■ **EXERCISE INSTRUCTIONS**
Look below for the line with "1925 BU UNCIRCULATED" and the line with "W/ Red Font". Copy exactly those two lines and every line between, but not the pictures.

■ **DATA PROVIDED**
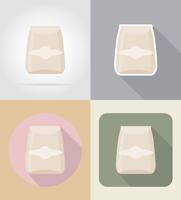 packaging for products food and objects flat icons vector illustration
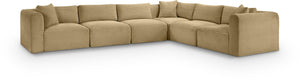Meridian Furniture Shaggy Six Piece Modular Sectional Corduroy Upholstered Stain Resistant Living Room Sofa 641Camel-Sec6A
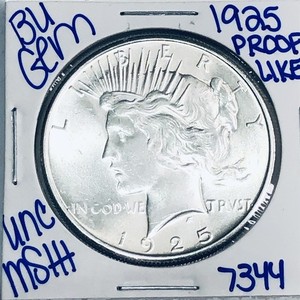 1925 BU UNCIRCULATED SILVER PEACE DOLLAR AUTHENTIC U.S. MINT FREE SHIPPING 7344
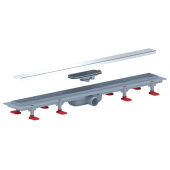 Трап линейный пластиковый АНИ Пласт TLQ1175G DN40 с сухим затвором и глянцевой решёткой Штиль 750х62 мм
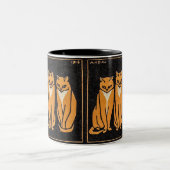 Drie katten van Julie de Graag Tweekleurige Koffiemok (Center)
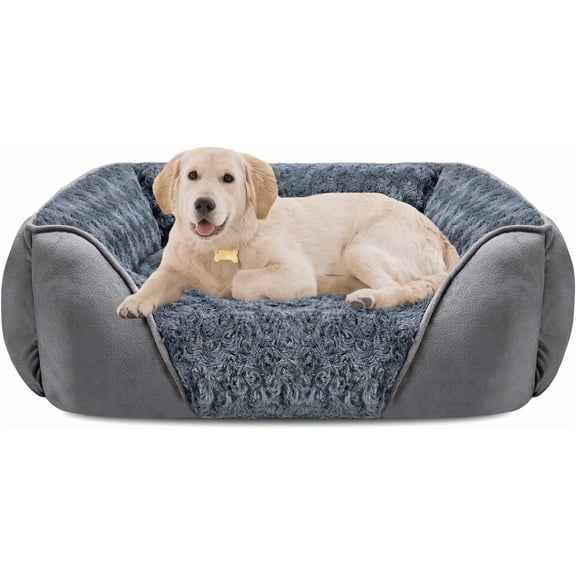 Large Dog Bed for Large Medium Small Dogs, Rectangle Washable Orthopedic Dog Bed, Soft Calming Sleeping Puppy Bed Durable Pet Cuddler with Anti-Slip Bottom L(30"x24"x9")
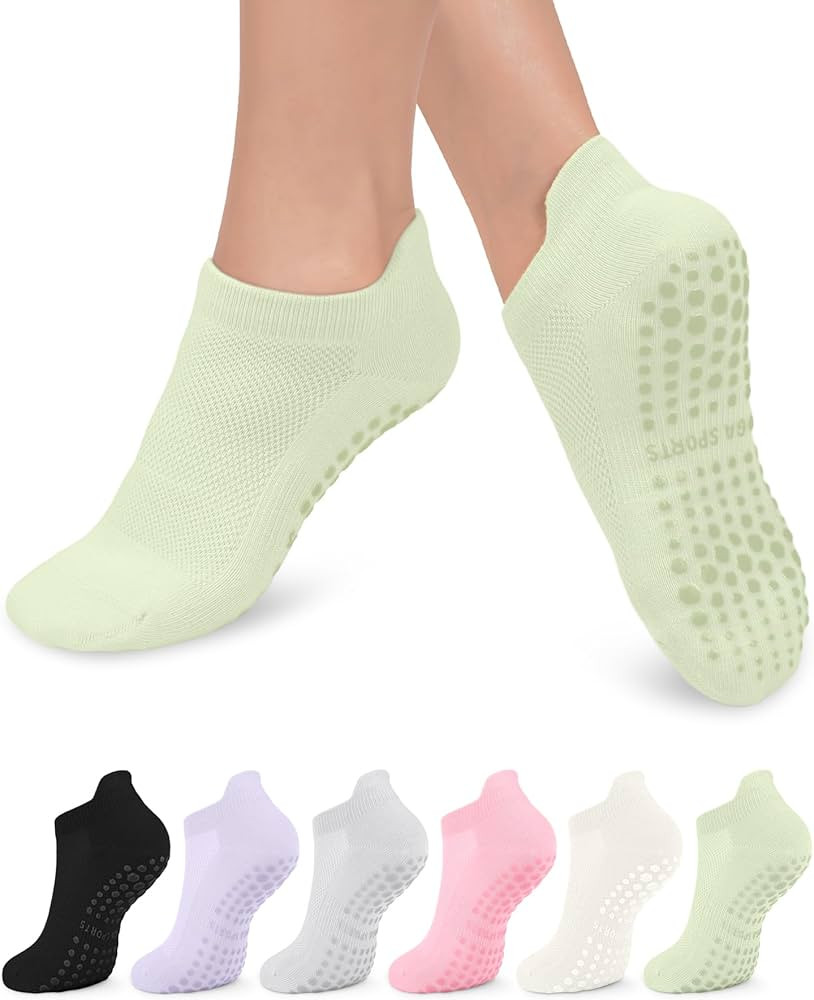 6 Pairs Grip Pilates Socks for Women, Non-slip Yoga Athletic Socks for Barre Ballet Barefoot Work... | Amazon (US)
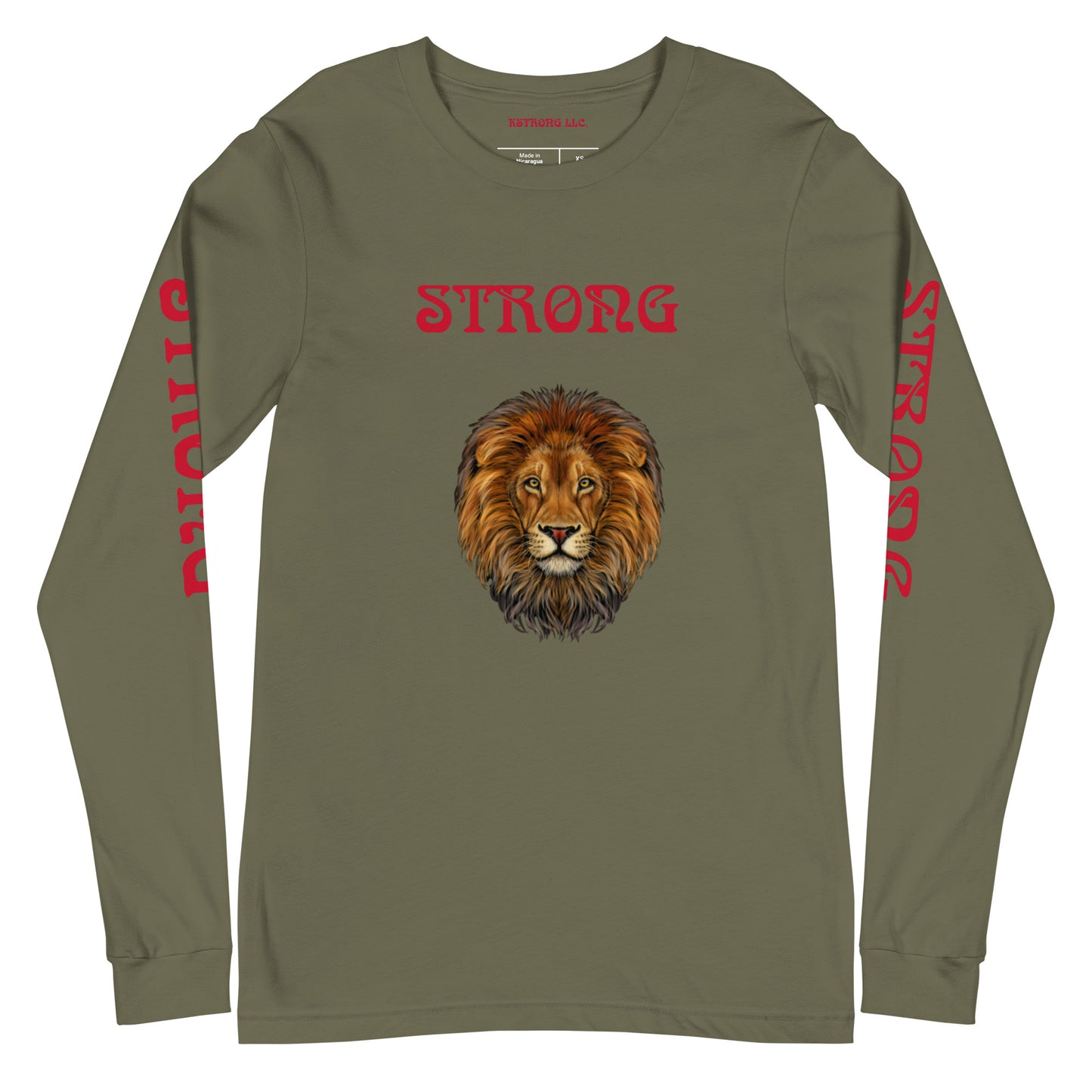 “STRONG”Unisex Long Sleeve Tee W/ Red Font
...
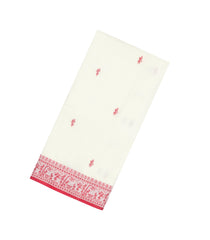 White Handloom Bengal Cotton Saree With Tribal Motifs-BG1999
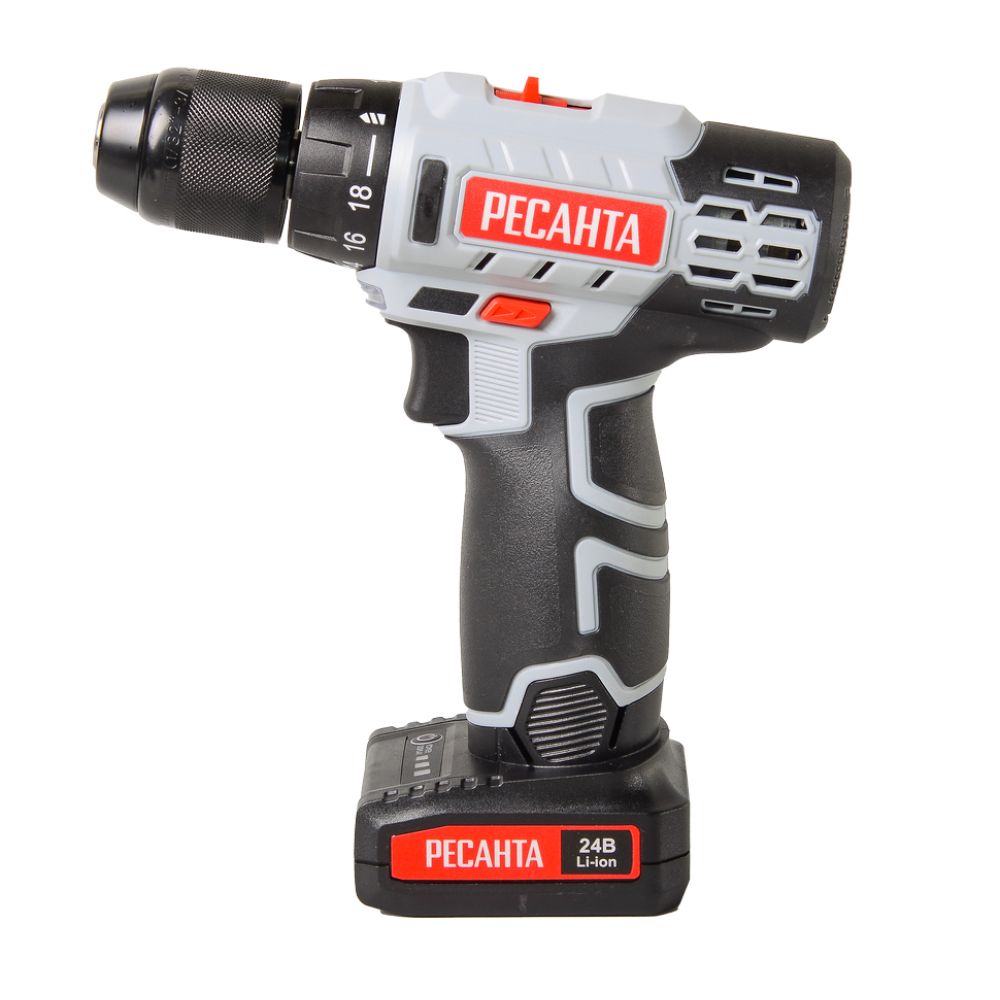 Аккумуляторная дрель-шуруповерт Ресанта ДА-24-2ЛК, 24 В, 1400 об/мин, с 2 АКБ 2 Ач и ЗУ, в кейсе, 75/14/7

■ **ANSWER**
 1925 BU UNCIRCULATED SILVER PEACE DOLLAR AUTHENTIC U.S. MINT FREE SHIPPING 7344
 Трап линейный пластиковый АНИ Пласт TLQ1175G DN40 с сухим затвором и глянцевой решёткой Штиль 750х62 мм
 Drie katten van Julie de Graag Tweekleurige Koffiemok (Center)
 Large Dog Bed for Large Medium Small Dogs, Rectangle Washable Orthopedic Dog Bed, Soft Calming Sleeping Puppy Bed Durable Pet Cuddler with Anti-Slip Bottom L(30"x24"x9")
 6 Pairs Grip Pilates Socks for Women, Non-slip Yoga Athletic Socks for Barre Ballet Barefoot Work... | Amazon (US)
 “STRONG”Unisex Long Sleeve Tee W/ Red Font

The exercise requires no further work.